• Task to carry out: From the records below, print only the part that opens with the line containing "Photo de Chapelle" and closes with the line containing "Valor da gasolina"; omit the pictures.

• Records supplied:
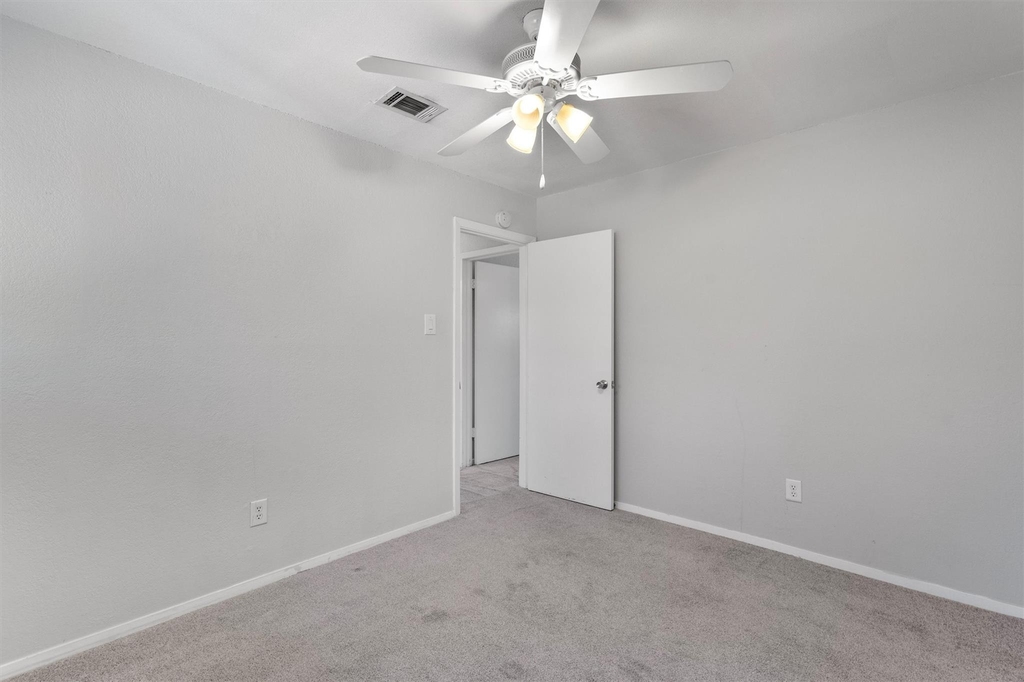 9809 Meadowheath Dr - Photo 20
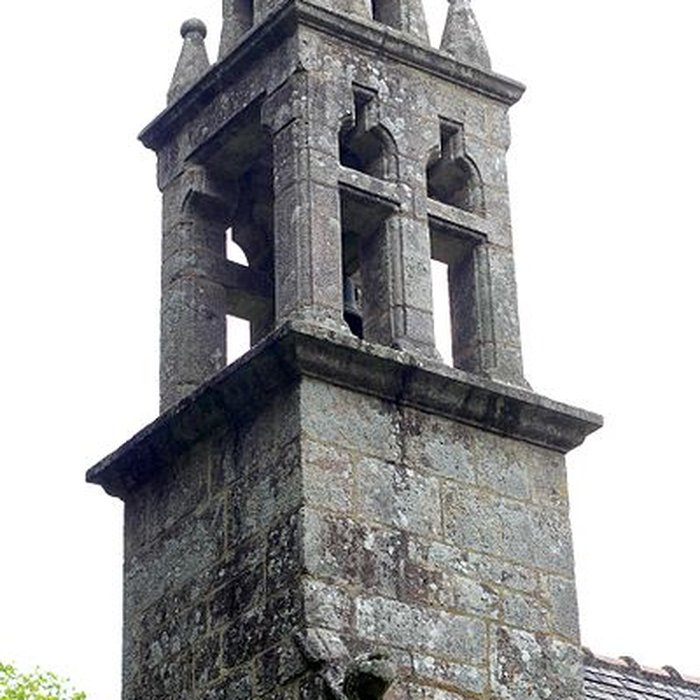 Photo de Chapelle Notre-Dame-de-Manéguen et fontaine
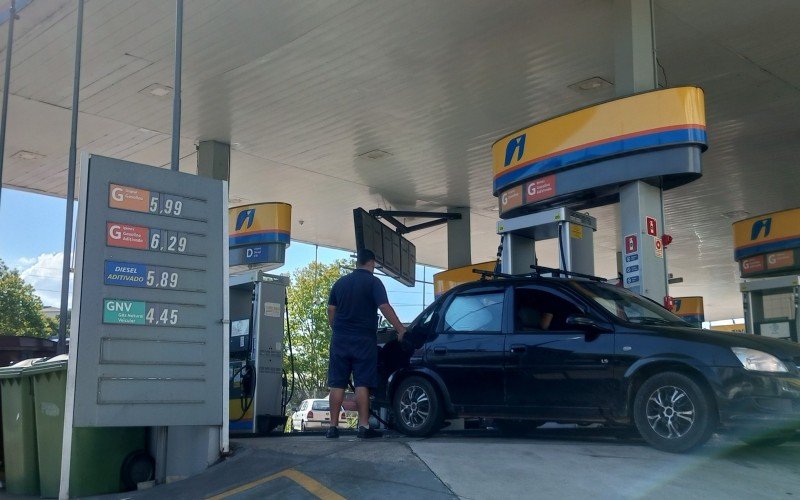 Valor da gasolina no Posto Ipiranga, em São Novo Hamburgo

...

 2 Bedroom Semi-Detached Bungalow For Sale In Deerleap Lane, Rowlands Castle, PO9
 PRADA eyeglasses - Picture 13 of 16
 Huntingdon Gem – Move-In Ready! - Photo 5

• Result:
 Photo de Chapelle Notre-Dame-de-Manéguen et fontaine
 Valor da gasolina no Posto Ipiranga, em São Novo Hamburgo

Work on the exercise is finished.